Prezydent Kuby Raul Castro zadeklarował, że będzie bronić socjalistycznej spuścizny swego brata Fidela Castro.
Dziesiątki tysięcy Kubańczyków na głównym placu w Santiago de Cuba uczestniczyły  w uroczystościach poświęconych pamięci przywódcy kubańskiej rewolucji Fidela Castro. Wzięli w nich udział też przywódcy państw Ameryki Łacińskiej, m.in. prezydent Boliwii Evo Morales, Wenezueli — Nicolas Maduro oraz byli prezydenci Brazylii Luiz Inacio Lula da Silva i Dilma Rousseff.
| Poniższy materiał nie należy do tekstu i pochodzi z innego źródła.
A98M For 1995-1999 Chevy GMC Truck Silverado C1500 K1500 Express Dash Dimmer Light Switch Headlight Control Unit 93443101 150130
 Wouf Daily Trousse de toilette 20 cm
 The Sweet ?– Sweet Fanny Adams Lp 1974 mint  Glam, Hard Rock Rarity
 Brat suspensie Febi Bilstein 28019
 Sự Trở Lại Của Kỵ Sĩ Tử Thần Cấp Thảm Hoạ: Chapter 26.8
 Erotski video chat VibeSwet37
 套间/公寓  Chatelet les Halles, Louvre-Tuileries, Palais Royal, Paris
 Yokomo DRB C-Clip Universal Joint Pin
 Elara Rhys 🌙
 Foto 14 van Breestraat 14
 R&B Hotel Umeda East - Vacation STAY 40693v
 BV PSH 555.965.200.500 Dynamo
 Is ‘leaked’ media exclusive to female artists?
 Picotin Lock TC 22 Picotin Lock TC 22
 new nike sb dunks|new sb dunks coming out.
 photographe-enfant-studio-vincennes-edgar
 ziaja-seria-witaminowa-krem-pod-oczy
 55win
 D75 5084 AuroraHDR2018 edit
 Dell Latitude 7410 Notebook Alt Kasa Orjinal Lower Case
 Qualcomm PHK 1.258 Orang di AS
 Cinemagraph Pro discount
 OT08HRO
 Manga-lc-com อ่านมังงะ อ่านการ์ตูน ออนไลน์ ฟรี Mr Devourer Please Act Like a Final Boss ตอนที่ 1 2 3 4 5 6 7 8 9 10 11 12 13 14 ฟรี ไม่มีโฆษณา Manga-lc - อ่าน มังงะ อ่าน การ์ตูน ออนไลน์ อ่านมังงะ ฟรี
— Pokonamy wszelkie przeszkody, chaos i zagrożenie, aby budować na Kubie socjalizm – obiecał Raul Castro. Powiedział też, że na Kubie zostanie wprowadzony zakaz nazywania imieniem Fidela Castro „ulic, pomników, instytucji czy innych miejsc publicznych”. Nie powstaną też popiersia czy pomniki. Jak zaznaczył, życzył sobie tego sam Fidel Castro, który nie chciał być obiektem kultu.
Pogrzeb przywódcy kubańskiej rewolucji obył się w niedzielę o godz. 13 czasu polskiego. Urna z jego prochami została złożona na cmentarzu Santa Ifigenia w Santiago de Cuba.